Dayton Mayor Tim McNeil has pleaded guilty to two misdemeanors involving mismanagement of committee funds for the Hennepin County suburb's annual festival.

"I would like to apologize to the residents of Dayton for the pain and suffering my negligence has caused — and particularly to my friends and family who have endured the past 18 months through no fault of their own," read an announcement McNeil made Thursday in a Facebook post.

McNeil also posted a statement from his lawyer, John Conard, who characterized the pleas as admissions of "technical violations of charitable registration laws" involving McNeil's role in managing the Dayton Heritage Day festival.

Neither McNeil nor Conard returned messages for comment Sunday.

The mayor will be required to return the festival money he misused, which will go to the Lions Club now running the Heritage Day parade, according to the Facebook posting.

He also will serve 10 days of home electronic monitoring and will be on probation for two years. His mayoral term expires this year, and he said on his Facebook page that he hoped "to pass on the responsibilities of Dayton's mayor to a successor and to continue as a member of our city council."

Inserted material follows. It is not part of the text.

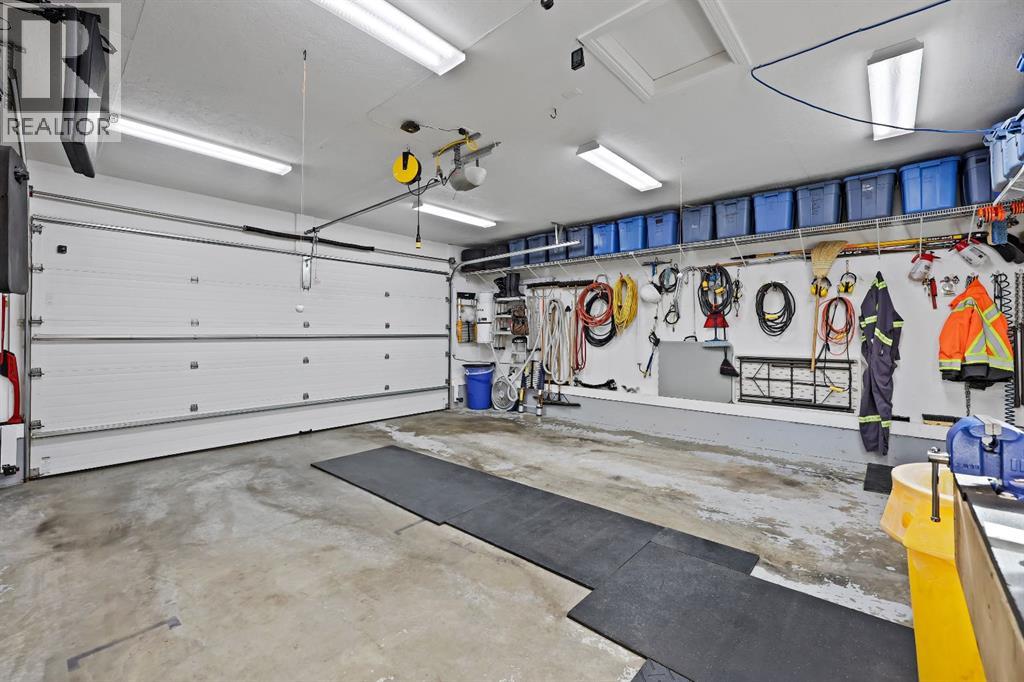 138 Nolan Hill Drive Nw, Calgary, Alberta  T3R 0M7 - Photo 49 - A2260804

According to charges in the case filed in February 2019, McNeil was accused of embezzling more than $13,000 from the citizens' committee that ran the festival.

In the criminal complaint, McNeil was charged with felony theft by swindle for allegedly taking money out of the festival's checking account and depositing it into his personal account.

No city funds were involved in the festival account. But an examination of the records for the Heritage Day account and McNeil's personal bank account showed that, starting in October 2015, the mayor regularly withdrew money from the festival account and deposited the money into his own account, according to the complaint.

The complaint said McNeil had paid back $4,500 but remained responsible for more than $8,710 in missing money.

In the Facebook postings, Conard acknowledged it was against the law for McNeil to compensate himself. McNeil agreed but characterized the mistake as a failure to file "the required paperwork."

"I continue to believe that those original charges were unfounded and the product of a political rather than a legal judgment," McNeil wrote in his statement.

According to the statement from Conard, McNeil has not been convicted of fraud or dishonesty and "considers himself vindicated."

McNeil was elected to the City Council in 2006 and first elected mayor in 2012.